Stop thinking of behaviours such as digging or chewing as destructive. Yes, they cause destruction but that’s on human terms. Dogs are just performing natural behaviours. They may also be doing these behaviours due to boredom or anxiety.
 
Digging
Digging is a natural canine behaviour. Dogs dig to find a cool spot in summer or a warm spot in winter. They dig to find grubs or roots to eat. They dig as fun, to help you with the gardening. They dig because they are bored. They dig because they are alone and anxious.
As this is an instinctive canine behaviour, it will be difficult to stop your dog digging. Instead you may have more success in satisfying your dog’s need to dig. 
 
Chewing
Chewing is a normal behaviour in dogs. All puppies chew and dogs explore their world using their mouths. Dogs may also chew when they have mouth, gum or digestive problems. Have a teeth check with your vet. Your dog may also be chewing due to boredom or separation anxiety.
 
Rolling in mud poo
Some dogs just love to roll in mud or animal poo. This may be, in the case of mud, to keep cool or to remove itchy parasites. Rolling in poo may be an evolutionary behaviour to disguise their canine smell and cover themselves in the scent of their potential prey. ‘Poo perfume’!
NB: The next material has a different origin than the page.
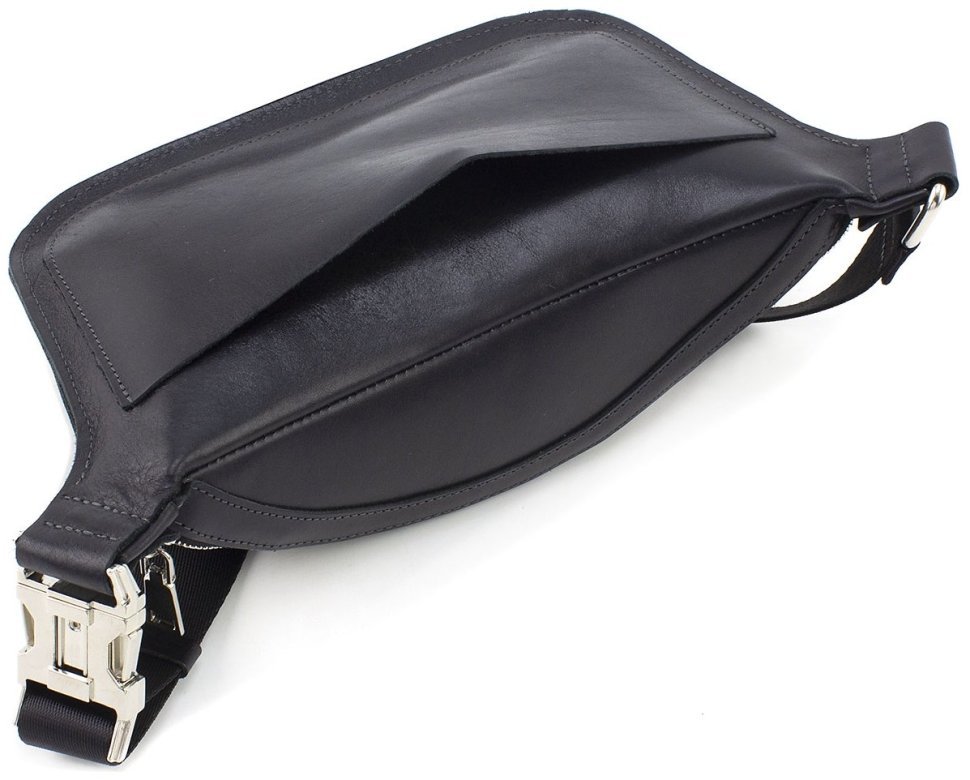 Якісна сумка-бананка через плече із натуральної італійської шкіри чорного кольору Grande Pelle 70752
Solutions for destructive behaviour

Preventing destructive behaviours
Managing destructive behaviours will not cure the unwanted behaviour but it will control it enough to prevent it happening.
Some management strategies include:

  • Shutting doors and/or building barriers to precious areas
  • Keeping your dog on a lead when you need to control their behaviour
  • Providing more outlets for your dog’s energy eg. canine sports, training, toys, games, walks
  • Using other services eg. dog walker, doggy daycare

Solving destruction
Long-term solutions require you to understand the cause of your dog’s unwanted behaviour.

Natural behaviour: If your dog is performing natural canine behaviours, albeit you don’t like them, you will not be able to stop them. Instead you must satisfy their need. So build a digging spot, Give them exercise. Satisfy their drive to dig, roll in mud, get wet or pound the pavements.

Boredom: If your dog is destructive due to boredom, you need to get more activities into their lives.

Anxiety: If your dog is destructive due to anxiety, you need to reduce the anxiety in their lives.

Digging Solutions
Dogs who dig instinctively are often difficult to stop. Trying to do so will only make you frustrated!
 
  • Provide appropriate digging spots such as a sandpit or a half clam-shell filled with sand. Encourage your dog to dig there by placing toys and treats in the sand. 
  • If you have a dog-friendly beach nearby, take your dog there regularly and allow them to dig to their heart’s content. 
  • Dogs may also dig to find a cool spot of relax in summer and a warm spot in winter. Provide suitable resting spots for your dog, if this is the reason your dog digs.
  • Dogs may also dig to relieve boredom or anxiety at being alone. Provide lots of exercise and mental stimulation for your dog.

Chewing solutions
Dogs need to chew, not only when they are puppies. Their strong canine jaws need an outlet for their energy and, if no appropriate chewable items are present, dogs will seek their own.

Supply your dog with a range of chewable items of different sizes and textures. If your dog gets bored with toys easily, rotate these around on a daily basis. If your dog hasn’t seen a toy for 5 days it’s like getting a new one.

Give your dog a variety of food treats to occupy their mouth. This is great when they have to be left alone. An occupied mouth is a quiet one. Ensure, however, that whatever items you leave your dog with, they are safe.

Oh and be as tidy as you can! Shut doors or place precious belongings away, out of your dog’s reach.